What this task involves: Report each line of the data that has "Bedrooms" somewhere in it.

Material for this task below:

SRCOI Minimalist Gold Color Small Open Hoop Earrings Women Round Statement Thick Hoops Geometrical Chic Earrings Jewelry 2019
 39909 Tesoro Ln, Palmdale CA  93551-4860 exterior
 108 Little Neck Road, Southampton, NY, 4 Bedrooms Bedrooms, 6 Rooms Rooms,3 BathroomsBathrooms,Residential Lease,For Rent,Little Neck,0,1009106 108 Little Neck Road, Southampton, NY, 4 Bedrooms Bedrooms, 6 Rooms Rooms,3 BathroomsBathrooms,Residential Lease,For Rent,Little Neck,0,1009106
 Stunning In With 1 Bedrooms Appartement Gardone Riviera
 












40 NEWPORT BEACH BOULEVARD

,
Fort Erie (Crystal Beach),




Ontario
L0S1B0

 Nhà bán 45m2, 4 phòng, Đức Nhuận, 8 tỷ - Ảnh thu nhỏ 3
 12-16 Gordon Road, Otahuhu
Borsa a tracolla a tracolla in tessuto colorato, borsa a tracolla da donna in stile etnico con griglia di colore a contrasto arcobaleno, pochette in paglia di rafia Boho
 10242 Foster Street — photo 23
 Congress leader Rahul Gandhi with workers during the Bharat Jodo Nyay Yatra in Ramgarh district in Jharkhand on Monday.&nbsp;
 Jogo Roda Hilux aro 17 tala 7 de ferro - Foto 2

End of Material for this task.

Response to this exercise:
 108 Little Neck Road, Southampton, NY, 4 Bedrooms Bedrooms, 6 Rooms Rooms,3 BathroomsBathrooms,Residential Lease,For Rent,Little Neck,0,1009106 108 Little Neck Road, Southampton, NY, 4 Bedrooms Bedrooms, 6 Rooms Rooms,3 BathroomsBathrooms,Residential Lease,For Rent,Little Neck,0,1009106
 Stunning In With 1 Bedrooms Appartement Gardone Riviera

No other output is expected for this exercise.